Figure No 2: Schematic representation for preparation of GLC-loaded electrospun nanofibers mat.
2.4. Characterizations of Gliclazide Nanofibers
2.4.1. Drug Content Study
Nanofiber was dissolved in the same composition of solvents used for spinning and suitably diluted to get gliclazide 10 µg/ml in the final concentration and UV spectrum was taken using UV spectrophotometer (Shimadzu UV-1800). The solution was scanned in range of 200-400 nm [3].
2.4.2. Calibration Curve using UV-Vis Spectrophotometer
50 mg of gliclazide was accurately weighed and dissolved in 100ml volumetric flask and then make up the volume upto 100 ml by using spinning solution (7:3) from that solution pipette out 1ml in 10ml volumetric flask and make up the volume to get 50 µg/ml concentration solution.
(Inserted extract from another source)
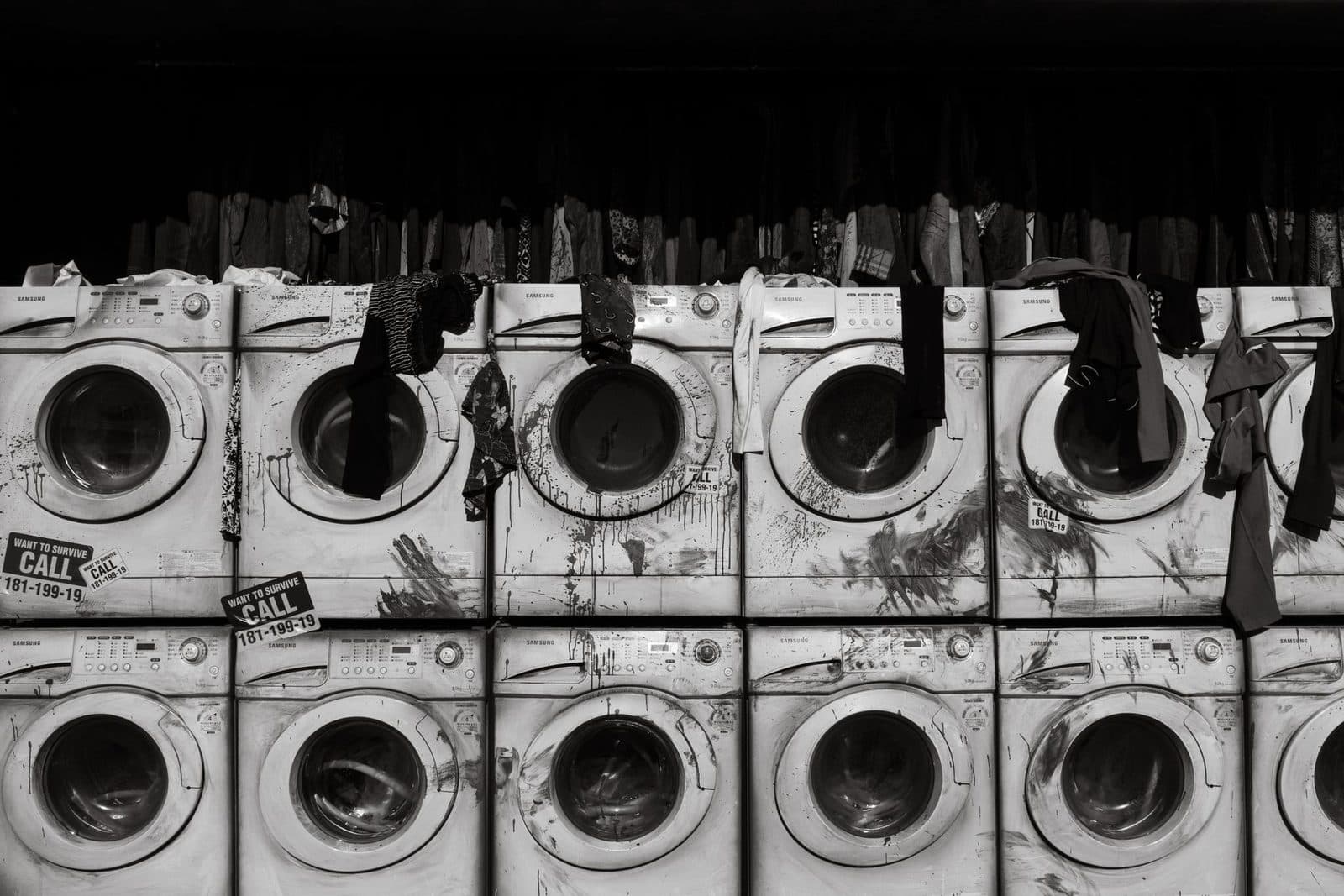 Grungy industrial washing machines lined up with clothing, creating a dramatic monochrome scene.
From that solution (1,2,3,4 & 5ml) pipette out and final volume was made upto 10 ml volumetric flask. To get final conc. of 5,10,15,20, and 25µg/ml and analyzed using the UV spectrophotometer by (Shimadzu UV1800), at 228 nm. [17]
2.4.3. Scanning Electron Microscopy (SEM) Studies
The surface morphology was determined using scanning electron microscope (JEOL JSM-6400). The samples were cut into circular shape with an average diameter of 1.5 cm. Specimens were coated with a thin gold layer using a sputter. The diameters were measured using a SemAphore 4.0 software at 5000_magnification. More than 50 individual fibers were measured for their diameters and reported as mean ± SD. Different parts of each nanofiber sample was selected for measurement and the average fiber diameter was calculated [14].
2.4.4. FTIR
FT-IR of blank nanofibers PMMA/ PVPK90 and drug-loaded PMMA/ PVPK90/Gliclazide was performed for analysing the compatibility between pure drug, polymer and combination of drug-polymer. Each sample was scanned over a wavenumber region of 4000-400 cm-1 and typical bands were noted shows in figure no.8,9,10. [3,14].
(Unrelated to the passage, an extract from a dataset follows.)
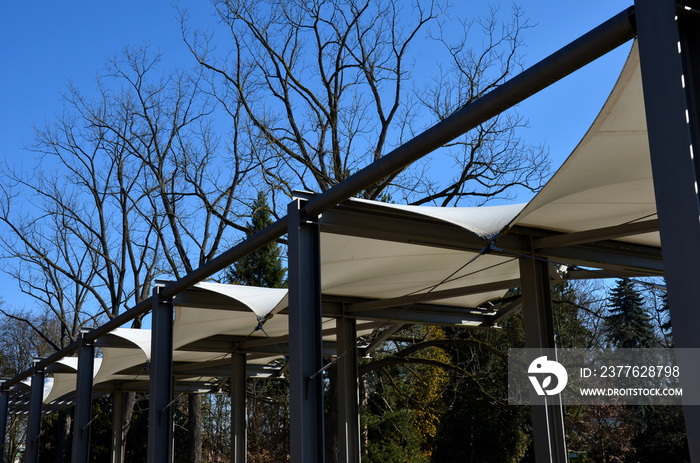 white canvas stretched, shading from the sun and rain over the terrace of the restaurant, on the playground in the kindergarten, on the platform of the promenade. pergola with metallic gray beams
2.4.5. Differential Scanning Calorimeter (DSC)
DSC can determine the glass transition temperature (Tg), melting temperature (Tm), and crystallization temperature (Tc) of nanofibers. These thermal properties are crucial in understanding the stability and processing conditions of nanofibers.as shown in figure no.7
2.4.6. Entrapment Efficiency
The drug entrapment efficiency of nanofibers was measured by drying drug-enriched nanofibers in a hot air oven for 5 min at 41 °C, then the nanofibers scaffold of known area 1 cm2 was removed and dissolved it in water. The amount of drug loaded into these fibers was estimated by UV analysis. The Entrapment Efficiency was calculated by eq. 1.
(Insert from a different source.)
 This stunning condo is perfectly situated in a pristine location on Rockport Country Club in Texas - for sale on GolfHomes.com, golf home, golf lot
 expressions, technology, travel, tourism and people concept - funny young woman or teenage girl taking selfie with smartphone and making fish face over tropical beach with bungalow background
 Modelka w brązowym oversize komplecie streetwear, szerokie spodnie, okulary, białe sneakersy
Entrapment efficiency %=Mass of drug released/Mass of total drug added 100
2.4.7. In Vitro Drug Release Studies and Drug Release Kinetic Studies
The in vitro drug release studies were performed for pure gliclazide, nanofiber formulations, optimized formulation, and were determined by USP dissolution apparatus II. Electrospun nanofiber (equivalent to 100 mg gliclazide) was accurately weighed and the nanofibers sample was gently rolled over a glass carrier and inserted into the dissolution apparatus. The samples were then put into vessels containing 900 mL phosphate buffer (pH 7.4) under the stirring rate 100 rpm, maintained at 37 ± 0.5 °C. Aliquots of 1 ml were withdrawn at fixed time intervals (1, 2, 3, 4, 5, 6, 7, 8, 9, 10, 11, 12, 13, 14 h) and replaced with fresh phosphate buffer solution. The sample solution was filtered with 0.45 µm and then analyzed using a UV-spectrophotometer by SHIMADZU UV 1800 with a wavelength of 228nm. [3,15,16].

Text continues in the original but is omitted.